Pathways and Walkways
Paths are the arteries of the garden. Select materials that enhance walks, complement the planting on either side, and match the garden style: bricks or gravel fit a cottage-style garden, while more up-to-date materials, such as concrete and composites, suit a modern space.
The same material can be used to different effect, depending on how you use it. For example, pavers placed perpendicular to the path tend to slow walking pace and invite the walker's attention to the surroundings, while pavers layed lengthways give a sense of motion, as in this traditional brick path which leads to a cottage gate.
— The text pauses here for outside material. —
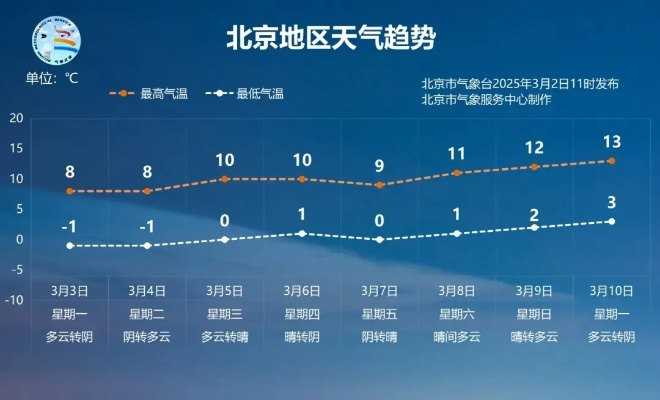 在线麻将小游戏-北京近一个月天气预报,秋意渐浓,气温波动中迎寒冬 在线麻将小游戏-北京近一个月天气预报,秋意渐浓,气温波动中迎寒冬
A random paving pattern gets an orderly edge from an clean, sharp strip made from the same material. Although difficult to construct, the light-coloured textured path works well against the still water of the pond.
Combining different materials, textures and levels can bring eye-popping drama to paving and decking designs. Stark but well-matched contrasts in color and texture can highlight key features and define and separate areas of the garden. To avoid extra work and higher costs, think carefully about your colors and choose pre-sized, coordinating materials. More complex construction techniques may be required when working with materials of varying thicknesses and where a different foundation is needed; you may need to consult an expert to get the look and construction quality you want.
Here, soft raised decking and a hard stone floor combine to maintain interest across four levels.
Stones and Mosaic
Set on a concrete foundation, small stone blocks and mosaic tiles create a decorative pattern around trees and contrast with the surrounding gravel.
Most paving materials require an edge to contain them; poured concrete and materials set on a concrete slab are exceptions. The edge can be ornate or functional or both, as with this crisp geometric design. It can be used to connect or separate different materials or areas of planting. If you prefer to let plants creep onto your gravel pathway, you don't need an edge.
Loose pebbles make an informal edge between deck boards and a water feature.
Slate and Stones
This bold design is created by framing slate paving with stone granite setts.